O teórico educacional americano Michael W. Apple afirma em seu livro A educação pode mudar a sociedade? (Ed. Vozes) que “não se pode responder adequadamente à pergunta se a educação pode mudar a sociedade, a não ser que se olhe para a sociedade da posição de múltiplos grupos”. Em outras palavras, só se pode refletir e problematizar a educação de maneira completa e complexa se essa reflexão se voltar para as distinções promovidas pelo regime econômico em voga.
É certo que não há futuro sem educadores (tal como nos afirmou Paulo Freire), no entanto, vale questionar como a profissão é tratada, atualmente, por alunos, pela estrutura educacional e pelos próprios educadores. Isso nos permite não somente analisar criticamente o cenário, mas, também, ajuda a sublinhar uma crítica que deve ser inspirada e centrada na vida daqueles que educam e são educados. Diz Michael Apple: “A educação não é uma atividade neutra, ela está intimamente relacionada a múltiplas relações de exploração, dominação e subordinação, e de forma muito importante com suas lutas para desconstruir a reconstruir essas relações”.
Para que a educação seja um instrumento de transformação, é fundamental que ela se coloque no mundo, que se insira na vida das pessoas com potência, como ação criticamente orientada, como mecanismo capaz de alterar as práticas convencionais fazendo aprender quem ensina e fazendo ensinar quem aprende. É importante compreender que transformar a realidade educacional não é o mesmo que colocá-la em outra fôrma – com o potencial de cristalizar as relações de maneira igual ou maior quando comparada as de agora. Trata-se, antes, de mudar a fôrma e as formas de ensinar; trata-se de transformar a epistemologia da ação pedagógica, de ativar a curiosidade, a imaginação, a criatividade, a crítica, o diálogo, o cuidado, a escuta e a consciência sensível sem abrir mão do rigor da aprendizagem. Mais do que pensar a educação transformadora como uma reação, é importante pensá-la e afirmá-la como estratégia, como tática para intervir no mundo; trata-se de pensarmos a educação como devir.

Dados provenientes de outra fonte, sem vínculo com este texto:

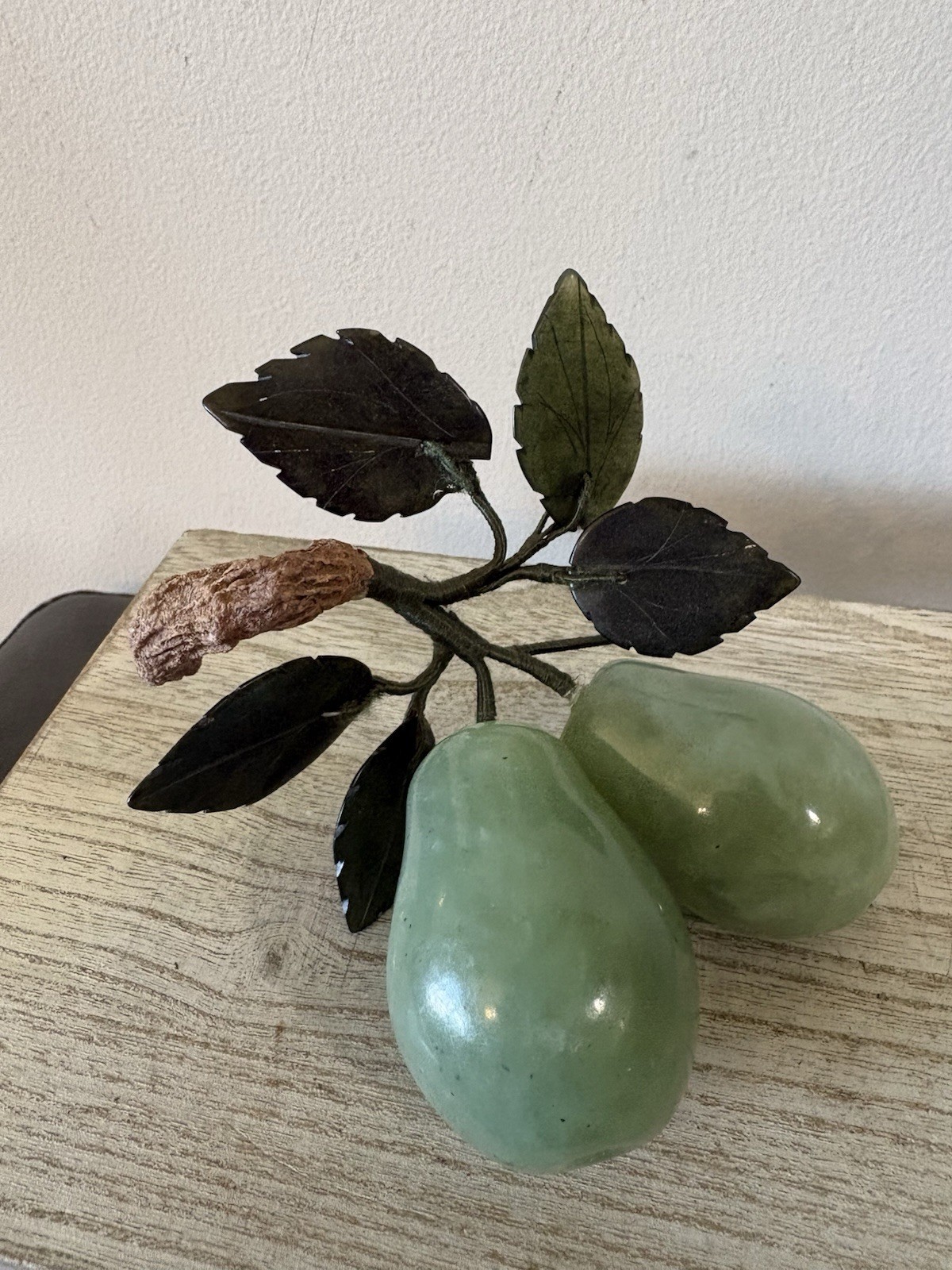 Vtg Jade Jadeite Pears Asian Fruit Green Carved Ornamental MCM Pear Rare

Assim, a educação deve prezar pela convivência afetiva entre aqueles que, ao mesmo tempo, ensinam e aprendem. Afeto este que, como sabemos, ficou relegado – quando muito – aos níveis iniciais da escolarização. Precisamos assumir institucionalmente que o ato de conhecer está para além do saber teórico, conceitual e disciplinado, reconhecendo certa instabilidade que somente a experiência pode fornecer.
De nada adianta o discurso de pretensões totalizantes pois, como já sabemos, ele se mostra impermeável às mudanças que a realidade história nos coloca. Uma educação que não compreende as transformações formais e simbólicas da sociedade, transformações quase sempre irrefreáveis, jamais será capaz de afirmar a liberdade; jamais estará à altura da postura vigilante e crítica que se exige para lidar com as coisas do mundo; será uma ela uma educação incapaz, por exemplo, de reconhecer atos indesejáveis do ponto de vista da humanização; será incapaz de compreender que o saber-fazer da autorreflexão crítica deve ser compatível com o saber-ser.
Capaz de se assumir, a educação é chamada pela liberdade a transcender os condicionamentos, dando sentido à existência e à sua própria atividade. A educação deve atuar como instrumento de tomada de consciência que leva o ser humano, independente do lugar que ocupa no mundo, a se posicionar. Ela se radicaliza, portanto, no instante em que se abre para uma ordem social humanizadora, fazendo o homem transcender a si mesmo.
O trabalho não é fácil, mas como diria Apple, em uma época de ceticismo crescente, não podemos propor soluções abstratas. “O posicionamento na varanda pode oferecer um assento confortável para observar a briga, mas as respostas só podem ser melhor encontradas ao nos unirmos aos esforços criativos”.